**Goal of the exercise**
Set the listing down again in full, word for word, with the pictures left out.

**Data provided**
★ ★ ★ ★

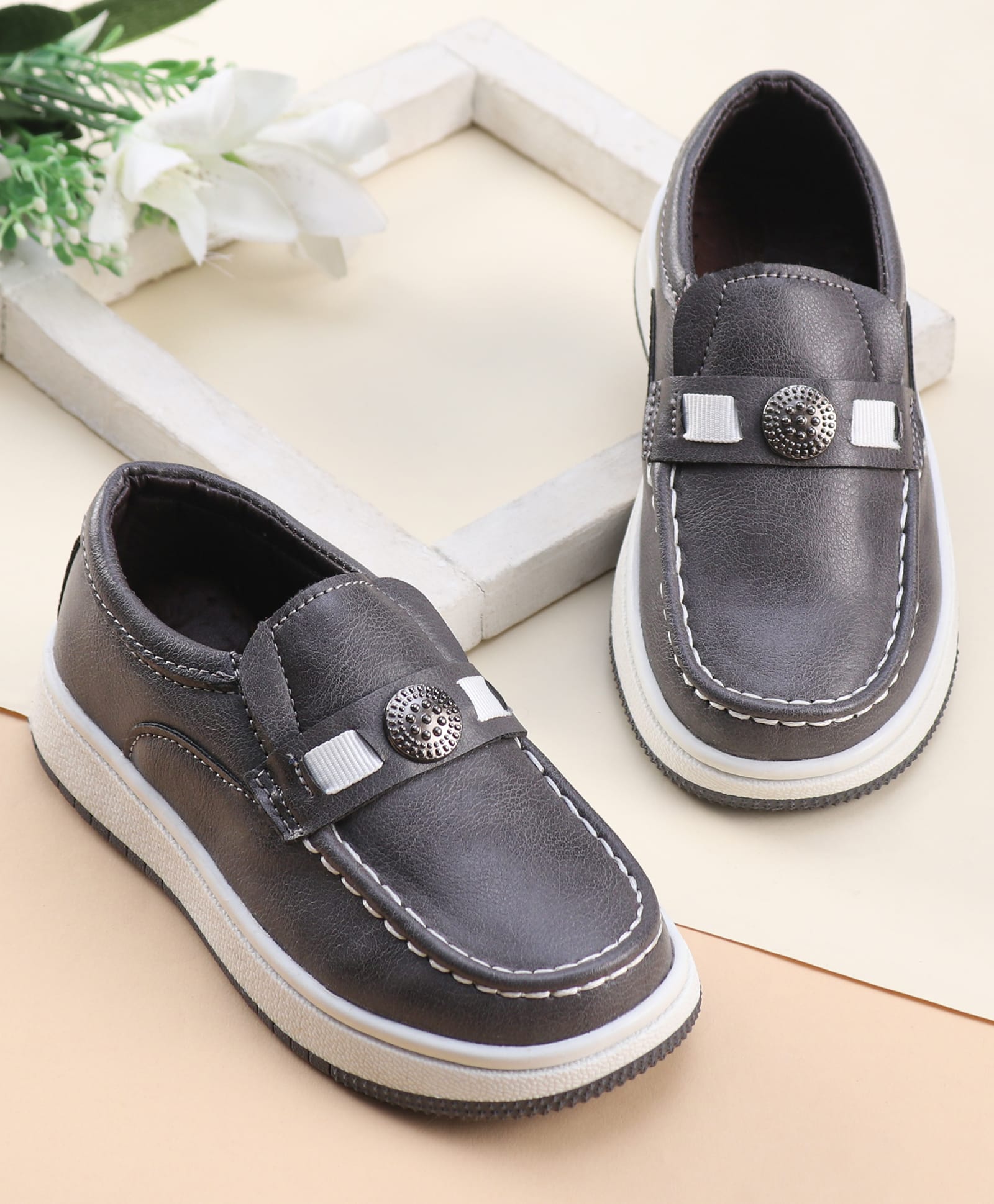 Cute Walk by Babyhug Slip On 3D Applique Loafers - Grey-image-42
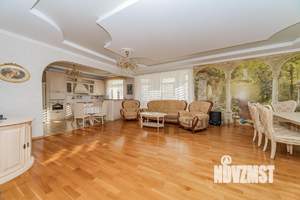 Коттедж 246м&sup2;, 2-этажный, участок 8 сот.  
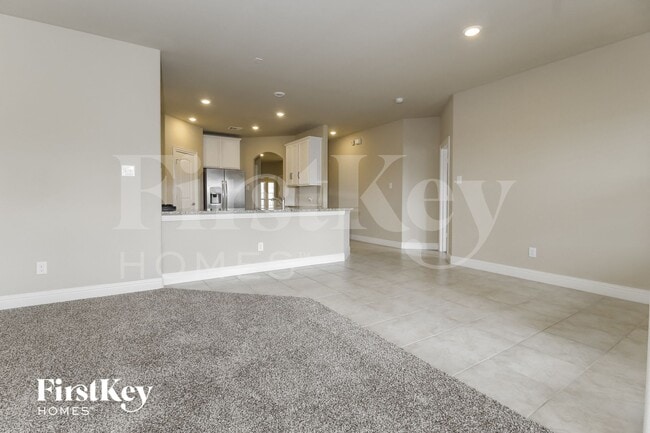 Photo - 16209 Weymouth Dr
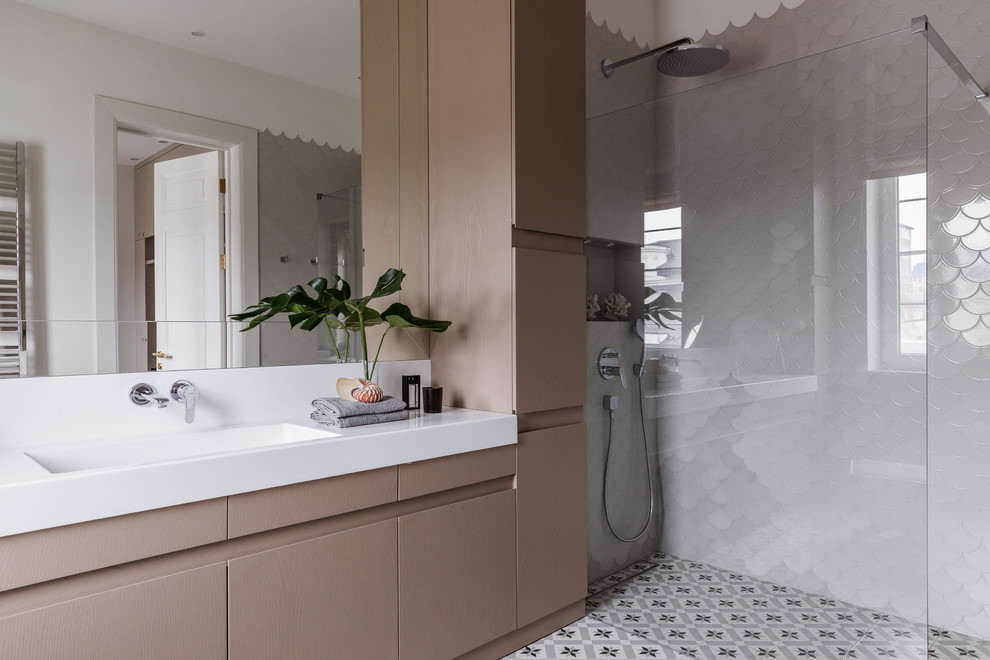 Ispirazione per una stanza da bagno con doccia design con ante lisce, ante beige, piastrelle bianche, lavabo integrato, pavimento grigio e top bianco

★ ★ ★ ★

**Expected output**
 Cute Walk by Babyhug Slip On 3D Applique Loafers - Grey-image-42
 Коттедж 246м&sup2;, 2-этажный, участок 8 сот.  
 Photo - 16209 Weymouth Dr
 Ispirazione per una stanza da bagno con doccia design con ante lisce, ante beige, piastrelle bianche, lavabo integrato, pavimento grigio e top bianco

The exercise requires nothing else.